• _HOW TO COMPLETE THIS TASK_
In the records below, find the line that holds "NEW RALPH LAUREN". Restate it and every later line exactly, stopping at the end and skipping pictures.

[Records excerpted from a collection]
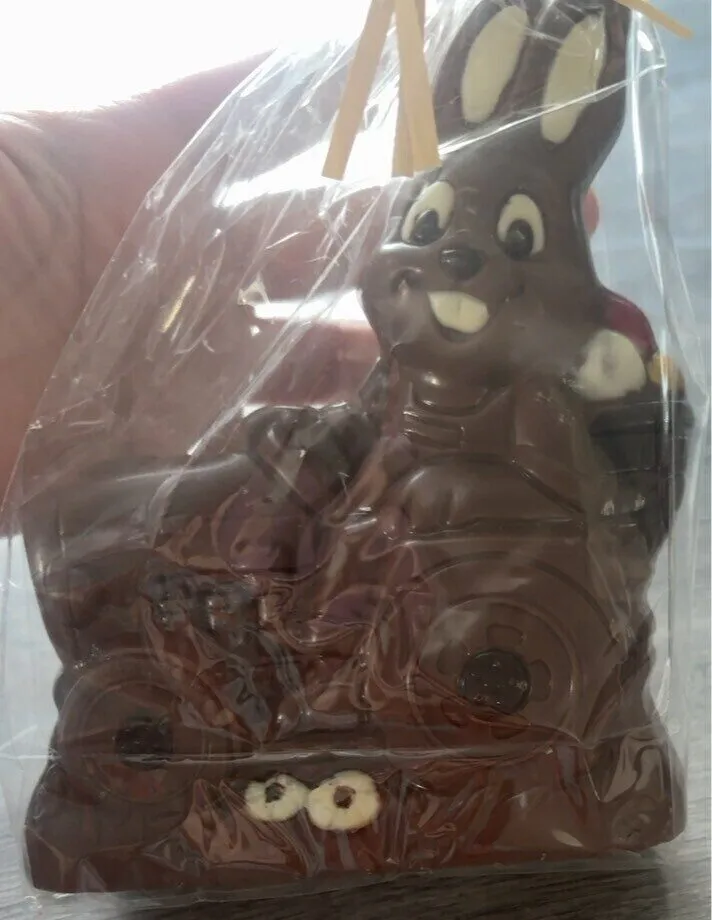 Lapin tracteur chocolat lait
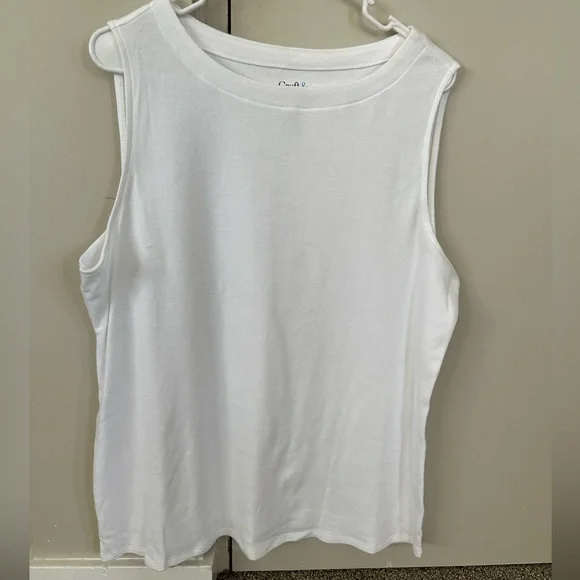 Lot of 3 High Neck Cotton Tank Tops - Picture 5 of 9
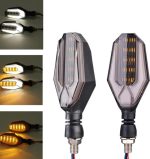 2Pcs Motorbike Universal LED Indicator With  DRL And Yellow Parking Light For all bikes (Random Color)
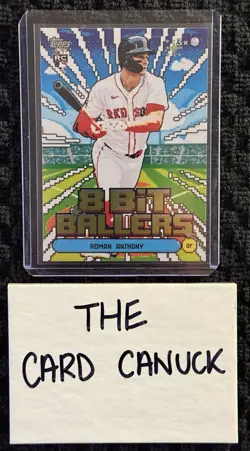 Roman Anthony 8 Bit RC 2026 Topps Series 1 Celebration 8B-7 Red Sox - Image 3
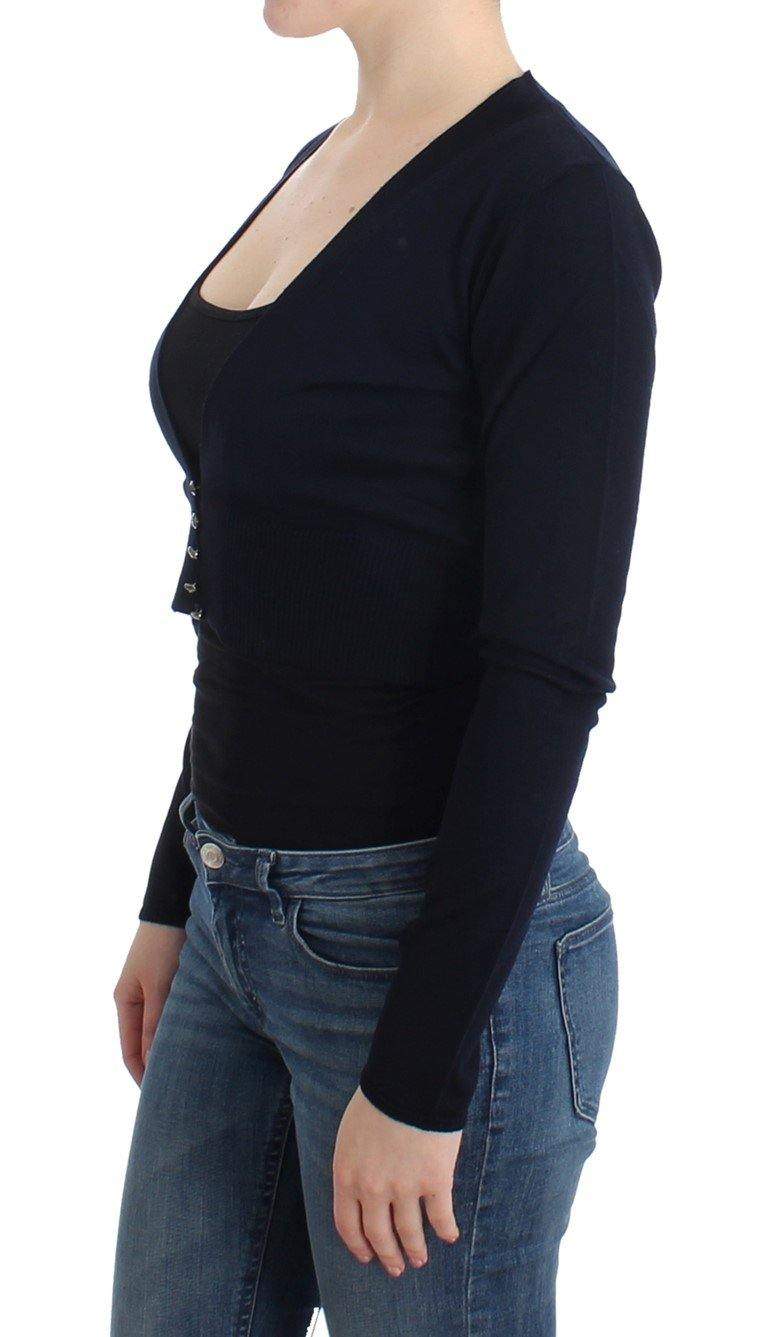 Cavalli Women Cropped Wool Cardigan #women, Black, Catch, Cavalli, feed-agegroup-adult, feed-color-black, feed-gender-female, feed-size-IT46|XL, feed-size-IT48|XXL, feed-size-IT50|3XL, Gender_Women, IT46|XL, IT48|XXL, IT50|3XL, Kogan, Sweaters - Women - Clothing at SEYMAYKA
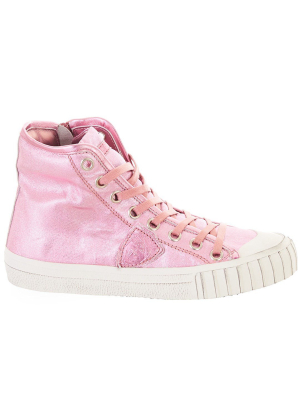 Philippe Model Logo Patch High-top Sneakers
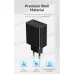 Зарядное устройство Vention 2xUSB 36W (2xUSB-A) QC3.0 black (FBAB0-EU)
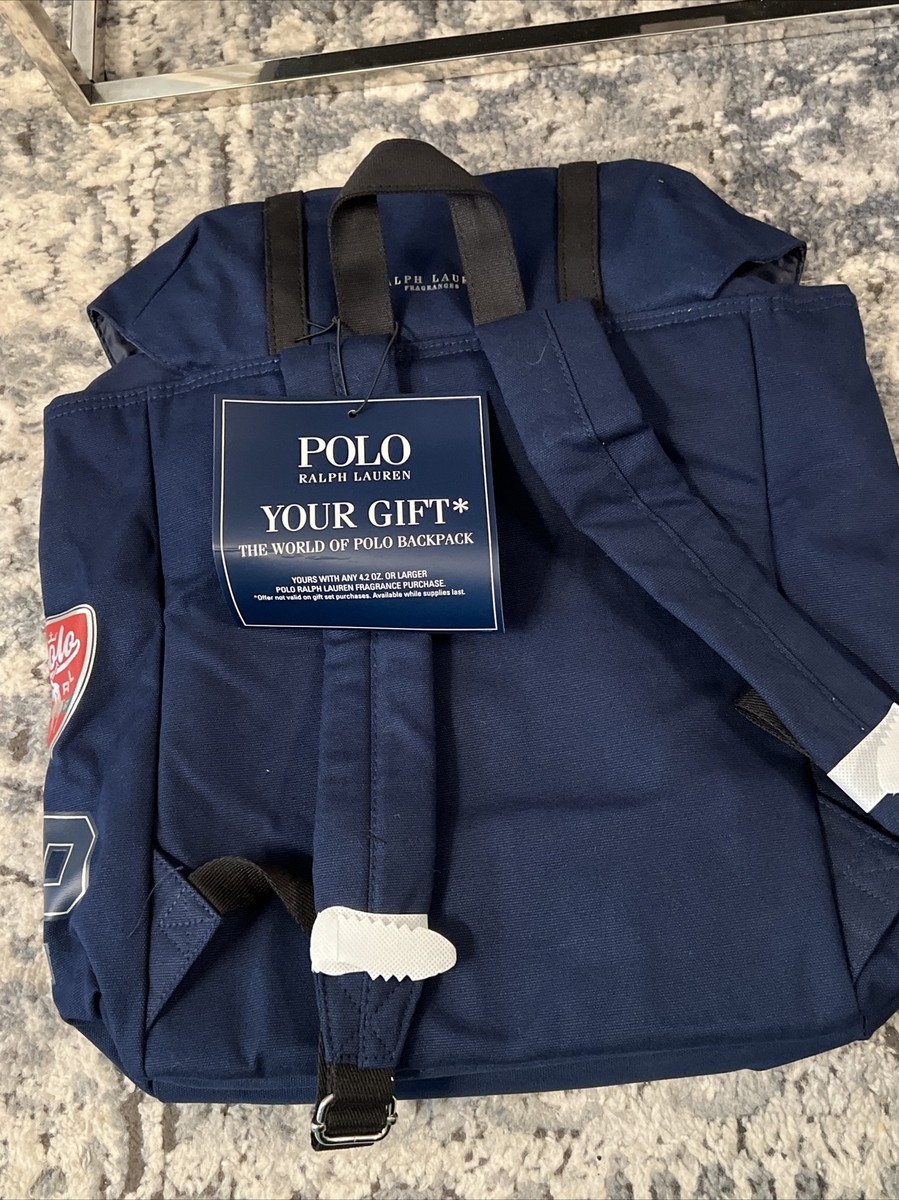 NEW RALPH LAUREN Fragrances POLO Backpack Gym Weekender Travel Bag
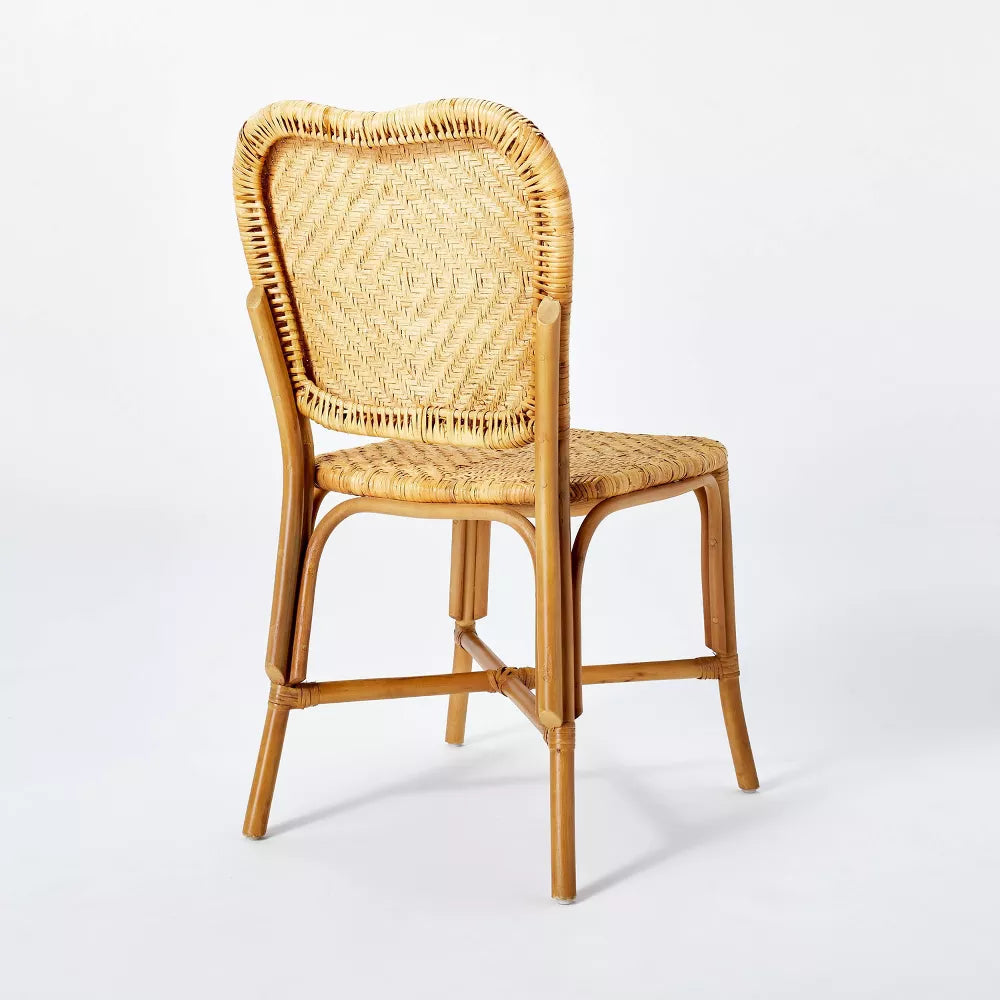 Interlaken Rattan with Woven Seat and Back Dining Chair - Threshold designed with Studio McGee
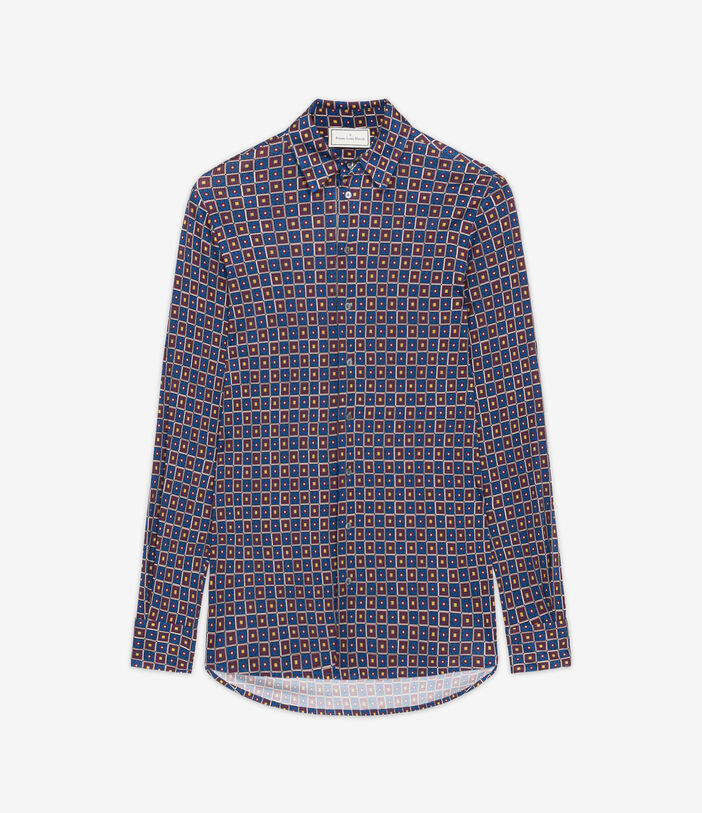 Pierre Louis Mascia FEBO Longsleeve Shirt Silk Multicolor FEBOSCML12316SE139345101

• _TASK ANSWER_
 NEW RALPH LAUREN Fragrances POLO Backpack Gym Weekender Travel Bag
 Interlaken Rattan with Woven Seat and Back Dining Chair - Threshold designed with Studio McGee
 Pierre Louis Mascia FEBO Longsleeve Shirt Silk Multicolor FEBOSCML12316SE139345101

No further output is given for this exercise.